To observe WASP-39b’s atmosphere, the team observed carbon dioxide using the telescope’s Near Infrared Spectrograph, one of Webb’s four scientific instruments. Their research is part of the Early Release Science Program, an initiative designed to provide data from the telescope to the exoplanet research community as soon as possible and guide further scientific work and exploration.

This latest finding has been accepted for publication in the journal Nature.

“By measuring this property of carbon dioxide, we can determine how much solid material was used versus how much gaseous material was used to create this gas giant planet,” Line added. “Over the next decade, JWST will make this measurement for a variety of planets, providing insight into the details of how planets form and the uniqueness of our own solar system.”

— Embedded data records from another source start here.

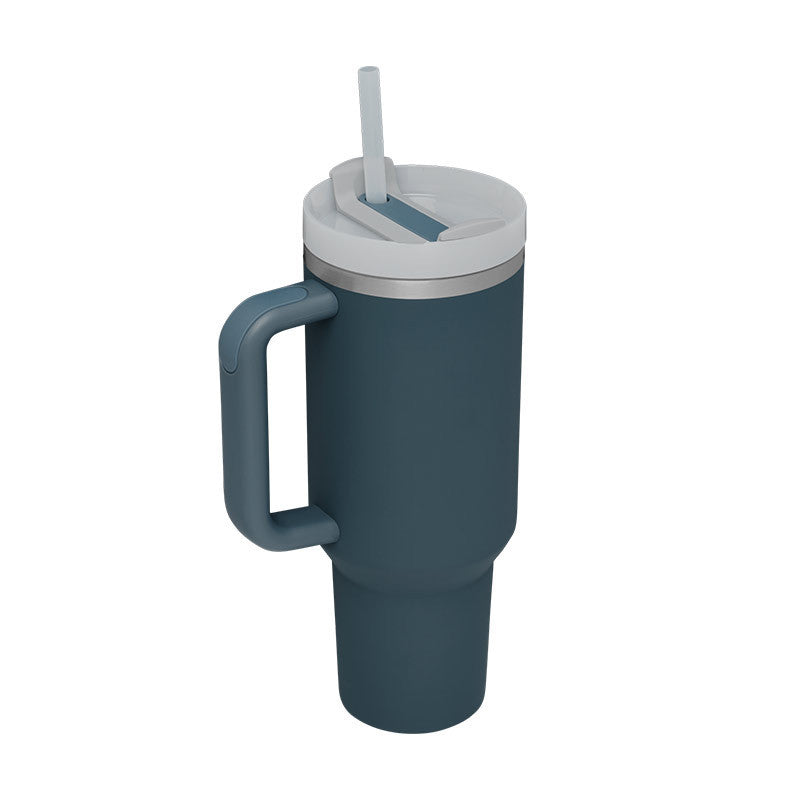40 Oz Stainless Steel Spill Proof Tumbler With Handle Straw Insulated.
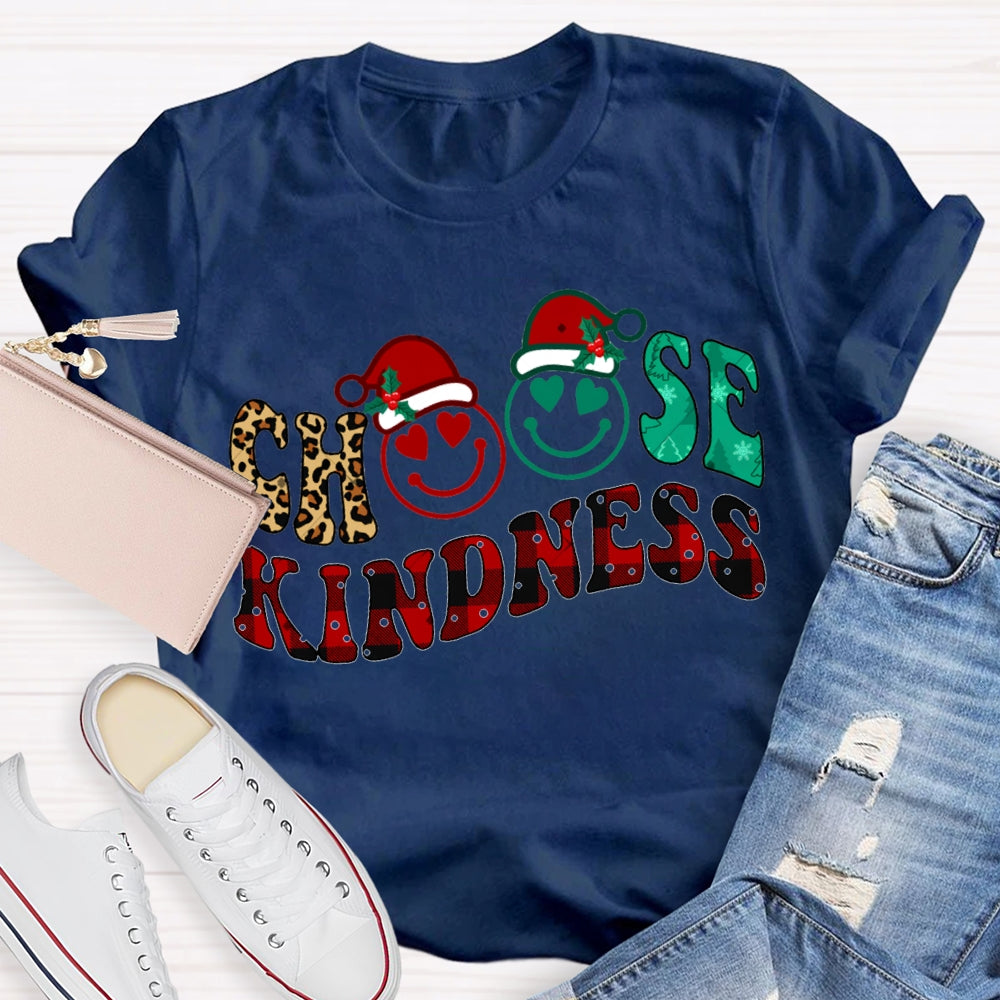 Choose Kindness Santa Hat Merry Christmas T-shirt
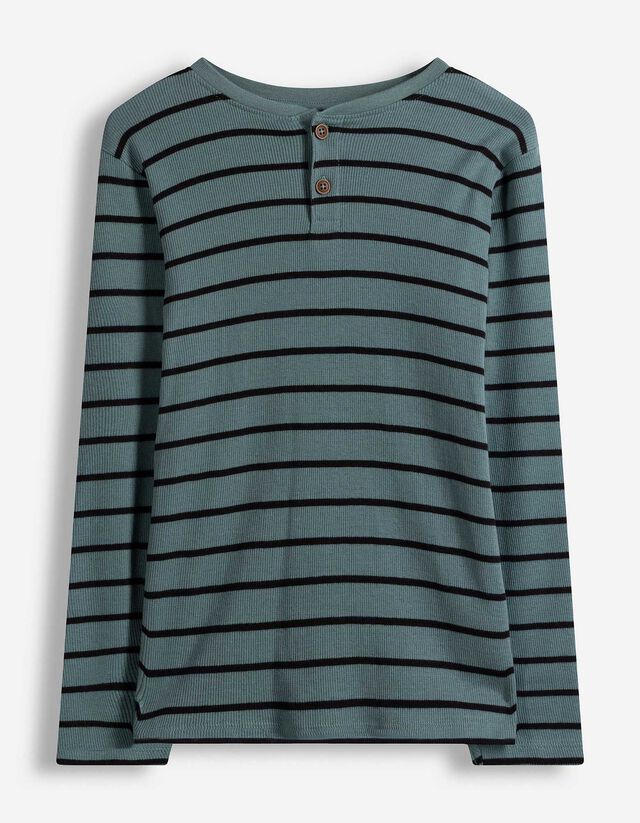 Langarmshirt - Knopfleiste - gr&uuml;n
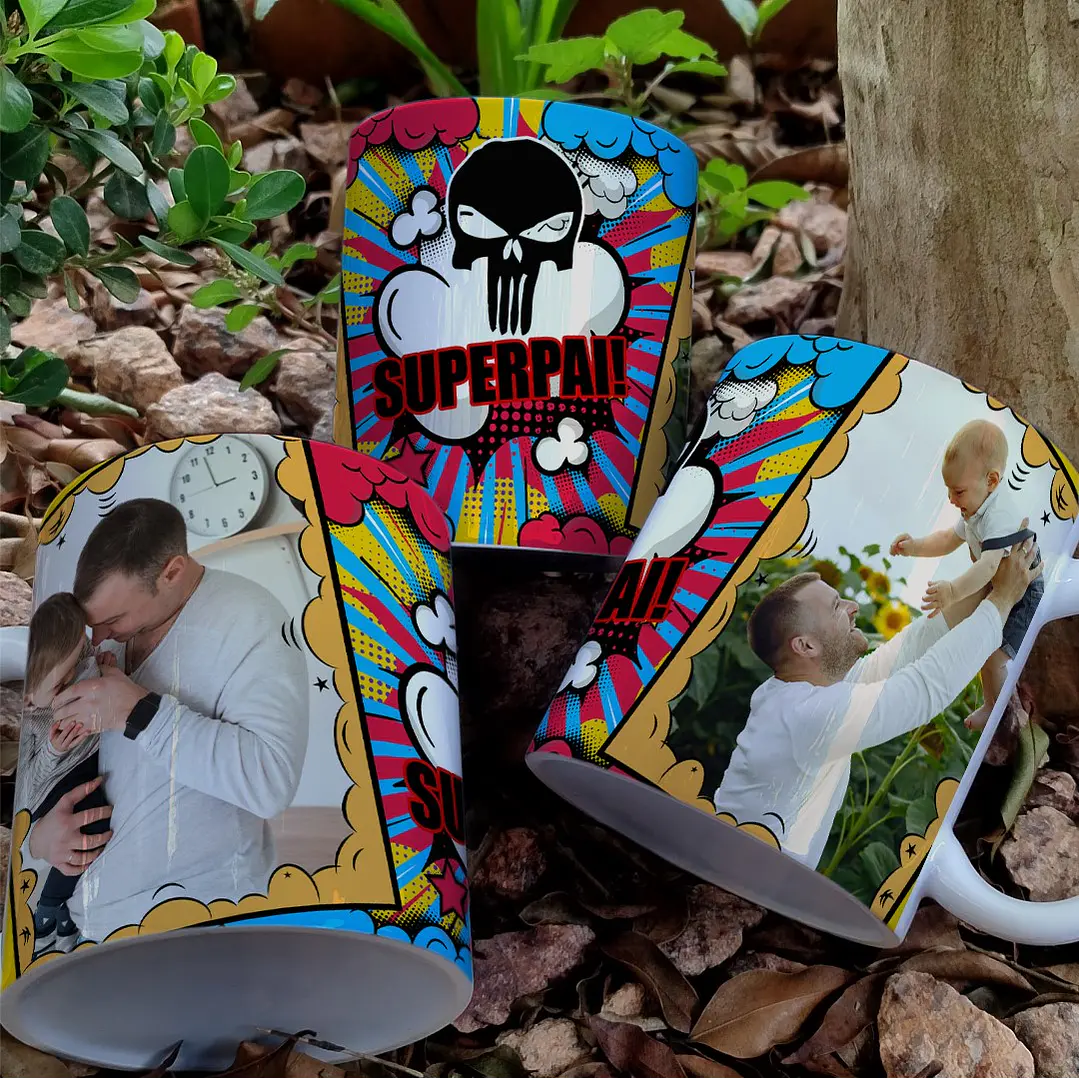 8 Artes para Caneca Dia dos Pais Herois Arquivo Editável 2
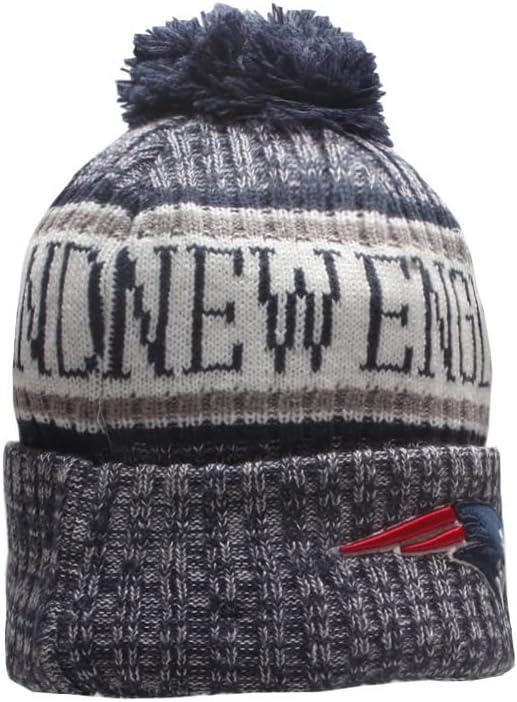 Hlashxh Classic Football Team Fans Fans плетени капа на череп капа со пом-пом за возрасни мажи жени зимски подарок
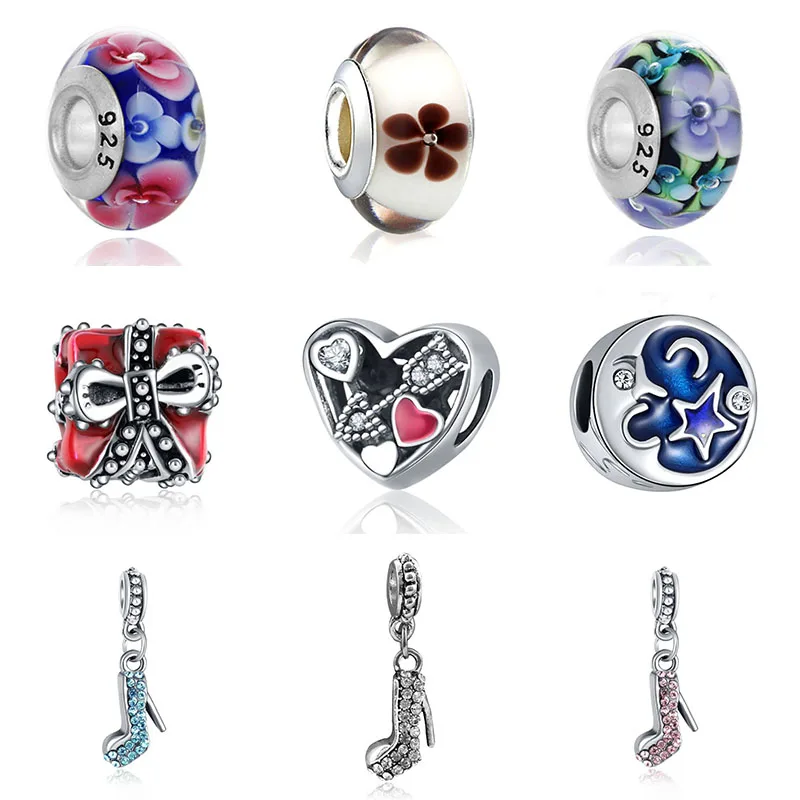 Fit charms plata de ley 925 браслет Ювелирная бижутерия с кристаллом Шарм горка Pendantss Морская звезда бусины в античном стиле DGB458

A new era in exoplanet research

extremely sensitive Webb telescope It was launched into its current orbit 1.5 million kilometers (about 932,000 miles) from Earth on Christmas Day 2021. By observing the universe with light at longer wavelengths than other space telescopes use, Webb can examine the beginning of time more closely, look for unobserved formations among the first galaxies, and see inside the dust clouds where stars and planetary systems are now forming.

In the captured spectrum of the planet’s atmosphere, the researchers saw a tiny peak between 4.1 and 4.6 microns — a “clear carbon dioxide signal,” said team leader Natalie Batalha, a professor of astronomy and astrophysics at the University of California at Santa. Cruz is in release. (A micron is a unit of length equal to one millionth of a metre.)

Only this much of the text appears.